Every codebase I’ve worked on has dead code in it. Functions nobody calls. Feature flags that will never be toggled. Entire modules that were superseded two years ago but never removed because someone thought they might be needed again.

The code sits there, inert. It doesn’t crash anything. It doesn’t slow anything down – at least, not directly. So it stays. And it accumulates. And slowly, the codebase becomes a geological record of every decision anyone ever made, including the ones that were reversed.

The cost of this accumulation is real, even if it’s hard to measure. Every developer who reads through the code to understand the system is navigating around dead branches. Every search for a function name returns results from abandoned modules.
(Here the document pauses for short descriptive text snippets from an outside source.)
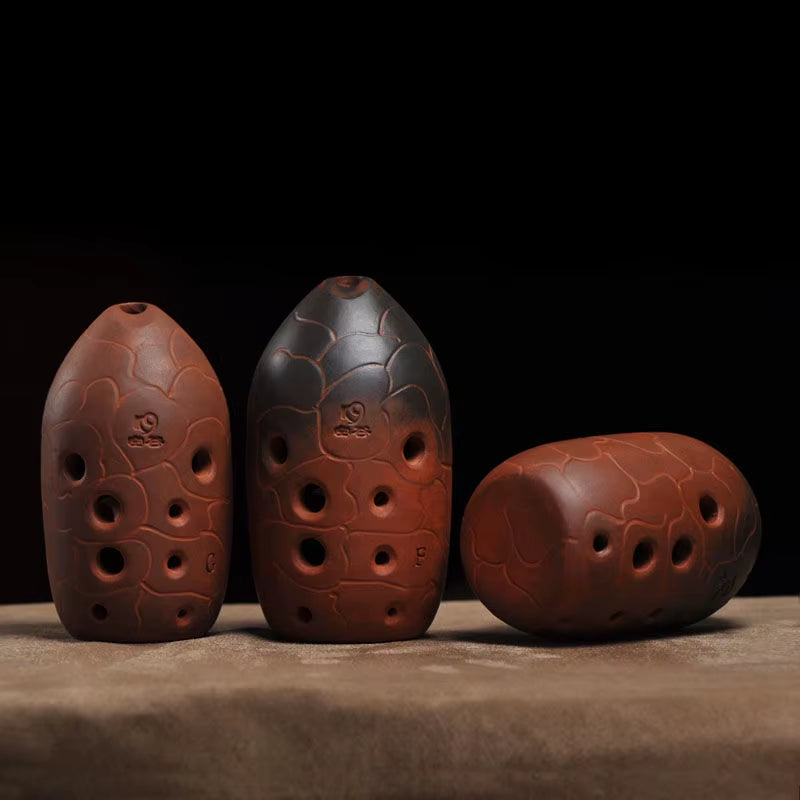 Three decorative clay ocarinas with finger holes from Beginner Xun Instrument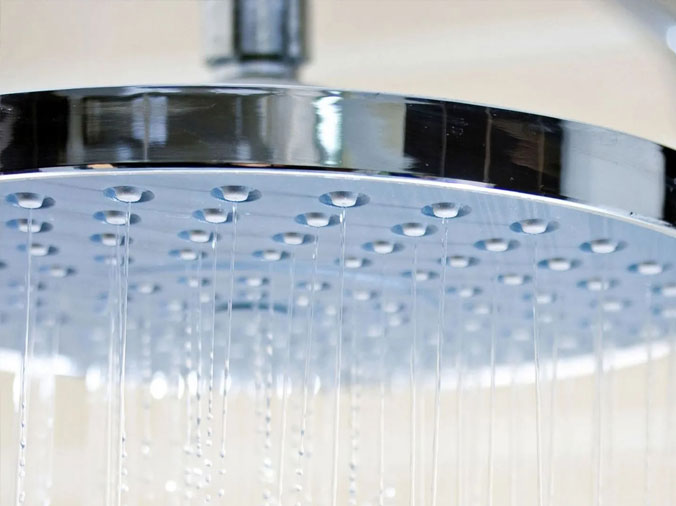 Closeup of drippinh shower head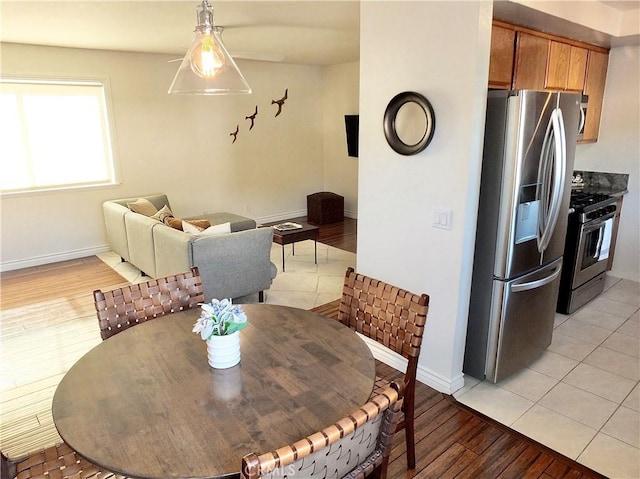 dining space featuring light wood-type flooring, baseboards, and a baseboard heating unit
Every refactor has to consider whether this untouched code still matters. The answer is almost always no, but figuring that out takes time every single time.

Why Deletion Is Hard

Adding code is low-risk in a specific way: if the new code is wrong, you can revert it. You know what “before” looked like because it was the system five minutes ago.

Deletion inverts this. If you delete the wrong thing, you’ve removed something that might be hard to reconstruct. Yes, version control exists. But finding the right commit, extracting the right pieces, re-integrating them into a codebase that has moved on – that’s not a trivial recovery.
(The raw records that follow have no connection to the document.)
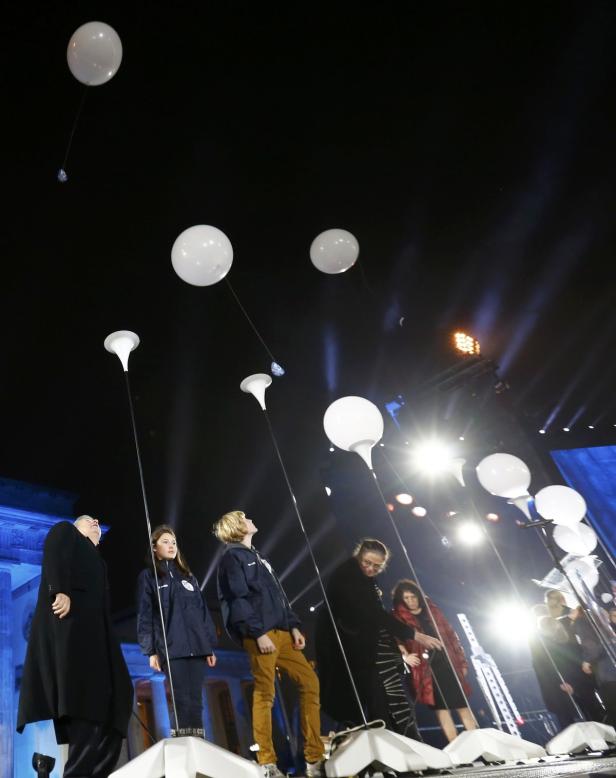 Mehrere Personen stehen auf einer Bühne und schauen zu weißen Ballons auf.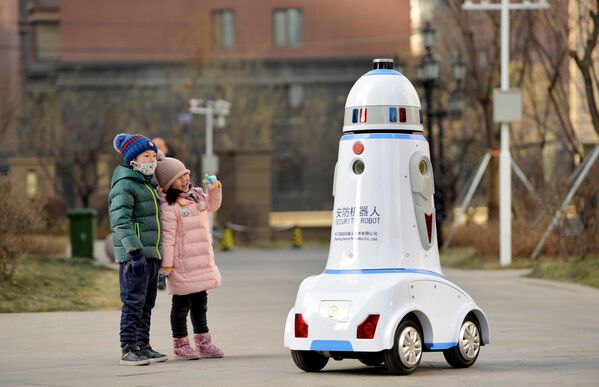 Дети рядом с роботом-патрульным на улице китайского города Хух-Хото, Внутренняя Монголия, Китай - Sputnik Узбекистан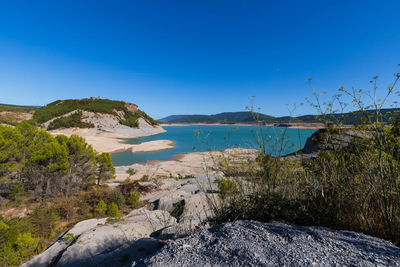 Scenic view of lake against clear blue sky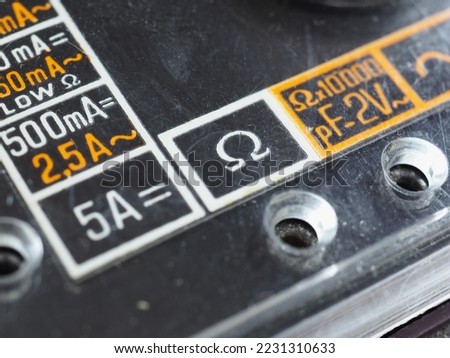 electrical symbols on a vintage analog multimeter measuring instrument Royalty-Free Stock Photo #2231310633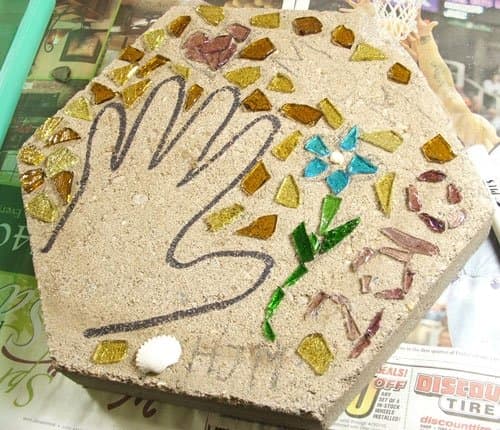 Step 2. Set up your work-space to include plenty of room to place your pre-laid design next to the precast stepping stone. After pouring your mortar slurry you will need to transfer your design pieces quickly before the mortar dries.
There’s also a psychological component. Code represents work. Someone wrote it, debugged it, tested it, reviewed it. Deleting it feels like erasing that effort. Even when you know intellectually that the value of the code was in the problem it solved at the time, not in its continued existence, it still feels wrong to highlight a hundred lines and hit delete.

And then there’s the uncertainty. “What if we need this later?” is the most common argument against deletion, and it’s nearly impossible to refute. You can’t prove a negative. You can’t demonstrate that a piece of code will never be needed again. So the safe choice, the one nobody gets blamed for, is to leave it in.

The Case for Aggressive Deletion

Dead code has a carrying cost that compounds over time. It confuses new contributors. It inflates search results. It creates the illusion of complexity. It makes the system harder to reason about, harder to test, and harder to change.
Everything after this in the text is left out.